=== Begin Enclosure ===

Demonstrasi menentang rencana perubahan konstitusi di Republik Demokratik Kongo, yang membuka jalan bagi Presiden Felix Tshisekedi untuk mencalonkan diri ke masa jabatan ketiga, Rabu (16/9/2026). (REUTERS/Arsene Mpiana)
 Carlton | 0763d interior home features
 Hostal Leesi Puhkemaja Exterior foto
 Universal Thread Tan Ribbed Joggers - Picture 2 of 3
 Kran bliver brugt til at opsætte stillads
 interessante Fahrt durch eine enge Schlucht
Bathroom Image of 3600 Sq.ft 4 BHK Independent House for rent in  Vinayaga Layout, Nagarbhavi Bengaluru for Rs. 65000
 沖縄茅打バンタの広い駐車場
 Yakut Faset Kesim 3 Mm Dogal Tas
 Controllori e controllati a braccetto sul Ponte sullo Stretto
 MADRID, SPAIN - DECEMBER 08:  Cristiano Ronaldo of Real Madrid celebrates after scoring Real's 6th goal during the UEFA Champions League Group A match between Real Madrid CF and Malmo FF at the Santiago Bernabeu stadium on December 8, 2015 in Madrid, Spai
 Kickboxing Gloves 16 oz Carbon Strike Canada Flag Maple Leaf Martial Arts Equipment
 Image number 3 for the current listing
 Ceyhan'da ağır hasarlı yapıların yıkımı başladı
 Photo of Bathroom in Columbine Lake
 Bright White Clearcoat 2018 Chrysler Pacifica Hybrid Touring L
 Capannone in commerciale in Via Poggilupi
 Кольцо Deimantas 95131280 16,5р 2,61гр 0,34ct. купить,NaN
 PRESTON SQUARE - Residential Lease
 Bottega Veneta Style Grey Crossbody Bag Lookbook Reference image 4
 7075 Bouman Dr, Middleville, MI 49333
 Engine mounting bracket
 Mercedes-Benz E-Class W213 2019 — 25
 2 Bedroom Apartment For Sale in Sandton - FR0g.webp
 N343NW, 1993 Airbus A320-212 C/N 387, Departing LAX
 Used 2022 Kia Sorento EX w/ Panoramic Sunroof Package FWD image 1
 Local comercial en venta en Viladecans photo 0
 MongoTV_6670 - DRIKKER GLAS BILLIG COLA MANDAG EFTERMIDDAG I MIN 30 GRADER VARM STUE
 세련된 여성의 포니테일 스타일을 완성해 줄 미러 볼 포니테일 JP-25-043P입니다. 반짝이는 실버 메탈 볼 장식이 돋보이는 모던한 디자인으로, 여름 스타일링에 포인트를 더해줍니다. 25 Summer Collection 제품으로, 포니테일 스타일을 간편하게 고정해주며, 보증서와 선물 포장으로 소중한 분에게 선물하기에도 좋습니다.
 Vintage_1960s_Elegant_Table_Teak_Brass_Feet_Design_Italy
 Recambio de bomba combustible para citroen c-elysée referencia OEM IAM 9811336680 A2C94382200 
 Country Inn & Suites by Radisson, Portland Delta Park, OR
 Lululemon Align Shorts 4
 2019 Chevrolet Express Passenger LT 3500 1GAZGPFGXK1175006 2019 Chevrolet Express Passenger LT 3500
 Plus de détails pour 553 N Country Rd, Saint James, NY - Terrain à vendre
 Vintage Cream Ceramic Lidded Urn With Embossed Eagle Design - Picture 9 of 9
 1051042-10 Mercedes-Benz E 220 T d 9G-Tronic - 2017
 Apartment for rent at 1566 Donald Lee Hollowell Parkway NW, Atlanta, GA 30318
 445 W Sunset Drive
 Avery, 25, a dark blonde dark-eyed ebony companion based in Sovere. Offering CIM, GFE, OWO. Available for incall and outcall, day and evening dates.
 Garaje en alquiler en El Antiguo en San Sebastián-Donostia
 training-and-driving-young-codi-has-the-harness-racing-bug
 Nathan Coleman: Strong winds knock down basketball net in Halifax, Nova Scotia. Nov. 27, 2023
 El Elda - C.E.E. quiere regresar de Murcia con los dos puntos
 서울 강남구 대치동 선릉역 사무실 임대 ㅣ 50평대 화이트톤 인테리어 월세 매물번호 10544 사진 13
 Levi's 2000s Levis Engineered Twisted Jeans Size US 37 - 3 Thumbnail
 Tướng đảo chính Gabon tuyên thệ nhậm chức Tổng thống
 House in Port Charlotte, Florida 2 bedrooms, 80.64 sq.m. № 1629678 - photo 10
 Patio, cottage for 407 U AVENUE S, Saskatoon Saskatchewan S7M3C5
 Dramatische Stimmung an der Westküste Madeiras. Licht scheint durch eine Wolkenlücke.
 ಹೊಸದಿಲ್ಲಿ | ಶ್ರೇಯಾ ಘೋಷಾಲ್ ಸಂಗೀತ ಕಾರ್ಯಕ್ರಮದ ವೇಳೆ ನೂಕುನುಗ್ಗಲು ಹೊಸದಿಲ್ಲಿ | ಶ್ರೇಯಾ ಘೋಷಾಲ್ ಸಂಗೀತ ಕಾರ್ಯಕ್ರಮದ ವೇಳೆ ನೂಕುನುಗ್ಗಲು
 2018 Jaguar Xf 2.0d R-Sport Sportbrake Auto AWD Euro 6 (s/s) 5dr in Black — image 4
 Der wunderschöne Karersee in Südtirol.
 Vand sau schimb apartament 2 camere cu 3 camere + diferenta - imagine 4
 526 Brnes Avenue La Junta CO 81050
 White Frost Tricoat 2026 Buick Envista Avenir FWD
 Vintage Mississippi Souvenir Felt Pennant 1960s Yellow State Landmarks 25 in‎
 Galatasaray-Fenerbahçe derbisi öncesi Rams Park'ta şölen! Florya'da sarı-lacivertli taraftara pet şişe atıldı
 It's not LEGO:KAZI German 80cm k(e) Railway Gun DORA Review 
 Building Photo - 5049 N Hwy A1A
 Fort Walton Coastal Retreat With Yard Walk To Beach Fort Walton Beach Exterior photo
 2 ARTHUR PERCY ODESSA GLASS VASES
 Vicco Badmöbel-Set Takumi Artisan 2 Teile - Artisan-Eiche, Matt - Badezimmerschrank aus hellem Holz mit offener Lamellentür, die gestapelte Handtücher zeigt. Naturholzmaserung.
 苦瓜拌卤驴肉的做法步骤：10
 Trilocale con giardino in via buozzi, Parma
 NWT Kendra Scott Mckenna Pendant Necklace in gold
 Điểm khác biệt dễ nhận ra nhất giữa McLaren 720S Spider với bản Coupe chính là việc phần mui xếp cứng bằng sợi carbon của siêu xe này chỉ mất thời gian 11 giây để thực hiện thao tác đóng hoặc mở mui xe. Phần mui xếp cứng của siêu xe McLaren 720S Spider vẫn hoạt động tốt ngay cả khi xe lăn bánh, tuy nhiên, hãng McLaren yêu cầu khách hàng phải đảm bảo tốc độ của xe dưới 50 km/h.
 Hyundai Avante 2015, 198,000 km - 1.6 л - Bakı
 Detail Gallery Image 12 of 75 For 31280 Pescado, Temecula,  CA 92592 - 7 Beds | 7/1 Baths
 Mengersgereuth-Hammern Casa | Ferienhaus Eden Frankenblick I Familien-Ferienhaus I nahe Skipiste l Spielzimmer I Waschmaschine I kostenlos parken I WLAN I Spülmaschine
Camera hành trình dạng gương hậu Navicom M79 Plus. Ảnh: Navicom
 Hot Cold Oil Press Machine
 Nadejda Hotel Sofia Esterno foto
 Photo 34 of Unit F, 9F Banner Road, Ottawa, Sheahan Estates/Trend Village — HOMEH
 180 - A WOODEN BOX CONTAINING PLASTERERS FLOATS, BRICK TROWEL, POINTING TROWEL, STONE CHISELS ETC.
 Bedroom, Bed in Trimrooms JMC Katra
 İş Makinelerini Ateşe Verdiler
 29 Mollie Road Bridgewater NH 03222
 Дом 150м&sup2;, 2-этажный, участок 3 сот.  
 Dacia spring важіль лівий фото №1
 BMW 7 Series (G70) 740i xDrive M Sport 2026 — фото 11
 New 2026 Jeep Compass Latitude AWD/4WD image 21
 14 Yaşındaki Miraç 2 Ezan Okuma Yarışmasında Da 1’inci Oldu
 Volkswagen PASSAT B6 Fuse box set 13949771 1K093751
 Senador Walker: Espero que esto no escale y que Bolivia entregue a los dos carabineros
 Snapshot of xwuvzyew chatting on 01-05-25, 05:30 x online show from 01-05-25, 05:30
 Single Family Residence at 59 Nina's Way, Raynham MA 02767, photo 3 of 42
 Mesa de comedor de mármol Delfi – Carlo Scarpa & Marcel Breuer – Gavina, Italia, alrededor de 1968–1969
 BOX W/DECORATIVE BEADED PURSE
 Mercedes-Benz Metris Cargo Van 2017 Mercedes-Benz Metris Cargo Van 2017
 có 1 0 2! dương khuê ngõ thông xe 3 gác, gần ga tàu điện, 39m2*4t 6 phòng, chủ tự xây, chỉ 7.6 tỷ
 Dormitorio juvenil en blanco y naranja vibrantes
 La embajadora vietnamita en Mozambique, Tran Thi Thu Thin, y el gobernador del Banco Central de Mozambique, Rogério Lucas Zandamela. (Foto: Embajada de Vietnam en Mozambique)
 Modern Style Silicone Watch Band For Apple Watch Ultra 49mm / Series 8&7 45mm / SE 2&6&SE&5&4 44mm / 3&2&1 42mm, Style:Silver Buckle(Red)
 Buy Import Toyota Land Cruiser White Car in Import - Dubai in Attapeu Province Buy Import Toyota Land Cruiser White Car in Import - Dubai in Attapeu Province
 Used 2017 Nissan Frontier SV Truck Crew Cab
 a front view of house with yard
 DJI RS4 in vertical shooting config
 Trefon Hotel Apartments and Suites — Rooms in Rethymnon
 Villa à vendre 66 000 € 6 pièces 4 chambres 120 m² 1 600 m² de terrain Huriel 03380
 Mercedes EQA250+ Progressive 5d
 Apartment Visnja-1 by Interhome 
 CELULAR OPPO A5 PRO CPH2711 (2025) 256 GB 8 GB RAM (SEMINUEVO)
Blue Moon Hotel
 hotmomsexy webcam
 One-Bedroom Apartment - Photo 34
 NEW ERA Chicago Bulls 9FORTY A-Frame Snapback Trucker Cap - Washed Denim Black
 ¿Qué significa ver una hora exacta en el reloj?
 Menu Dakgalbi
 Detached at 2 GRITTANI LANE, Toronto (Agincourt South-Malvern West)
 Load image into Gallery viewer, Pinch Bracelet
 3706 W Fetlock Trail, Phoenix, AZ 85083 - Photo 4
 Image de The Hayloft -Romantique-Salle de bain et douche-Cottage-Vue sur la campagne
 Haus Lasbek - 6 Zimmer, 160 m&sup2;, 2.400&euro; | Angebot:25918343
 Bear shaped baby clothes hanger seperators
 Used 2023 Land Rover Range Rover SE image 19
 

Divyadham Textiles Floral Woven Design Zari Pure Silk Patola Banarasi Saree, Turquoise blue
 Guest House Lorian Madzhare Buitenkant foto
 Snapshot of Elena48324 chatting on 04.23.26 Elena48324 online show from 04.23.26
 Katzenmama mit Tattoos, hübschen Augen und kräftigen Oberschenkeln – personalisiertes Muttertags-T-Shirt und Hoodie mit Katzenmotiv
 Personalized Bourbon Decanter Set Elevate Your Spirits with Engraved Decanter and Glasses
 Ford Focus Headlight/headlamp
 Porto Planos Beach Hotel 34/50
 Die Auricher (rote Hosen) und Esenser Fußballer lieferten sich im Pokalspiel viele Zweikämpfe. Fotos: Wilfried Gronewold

=== End Enclosure ===

** PROBLEM **
Using the entries shown above, reproduce verbatim the lines from the line bearing "Bear shaped baby clothes hanger seperators" to the line bearing "Snapshot of Elena48324", inclusive.

** WORKED SOLUTION **
 Bear shaped baby clothes hanger seperators
 Used 2023 Land Rover Range Rover SE image 19
 

Divyadham Textiles Floral Woven Design Zari Pure Silk Patola Banarasi Saree, Turquoise blue
 Guest House Lorian Madzhare Buitenkant foto
 Snapshot of Elena48324 chatting on 04.23.26 Elena48324 online show from 04.23.26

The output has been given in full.